Data mining has wide-ranging applications in science and technology, where data-set size defies use of algorithms commonly applied at small scale.
This course addresses several key aspects of data mining, including the use of key-value pairs and hashing methods to manage and compute analytics for massive scale datasets; highly scalable approximate similarity search and embedding algorithms for information retrieval, as used in retrieval-augmented generation (RAG) algorithms, web search, image search, and recommendation systems; algorithms for ranking search and recommendation results; highly memory-efficient sketch algorithms for infinite sized data, such as streaming data and online processing of massive datasets; unsupervised learning, including clustering models and dimensionality reduction algorithms, for finding and exploring relationships in massive complex datasets; and graph representations and algorithms for search and social network analysis.

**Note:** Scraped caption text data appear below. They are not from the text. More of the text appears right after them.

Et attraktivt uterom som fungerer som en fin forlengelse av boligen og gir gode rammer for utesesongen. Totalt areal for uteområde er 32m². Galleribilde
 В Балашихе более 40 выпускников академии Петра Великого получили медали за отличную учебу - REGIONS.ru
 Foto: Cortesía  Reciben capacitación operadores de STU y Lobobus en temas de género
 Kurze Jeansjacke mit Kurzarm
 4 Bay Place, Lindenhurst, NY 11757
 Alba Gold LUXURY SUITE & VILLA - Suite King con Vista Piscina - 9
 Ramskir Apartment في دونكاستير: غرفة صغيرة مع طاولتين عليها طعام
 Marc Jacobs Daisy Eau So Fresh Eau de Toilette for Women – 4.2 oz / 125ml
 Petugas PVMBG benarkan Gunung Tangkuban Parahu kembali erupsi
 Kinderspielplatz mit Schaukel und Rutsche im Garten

The course comprises readings and lectures on theory along with hands-on exercises and projects where students apply the theory through Python coding and interpretation of results.
The hands-on component of the course uses a variety of libraries in the Python language, Scikit-Learn, NetworkX, FAISS, and deep learning platforms and packages.
Students enrolled for graduate credit are required to perform, present, and report on an independent project.
This project must demonstrate a mastery of methods covered in the course as applied to a suitable real-world data set.
Students may not take both CSCI E-96 and CSCI E-108 for degree or certificate credit.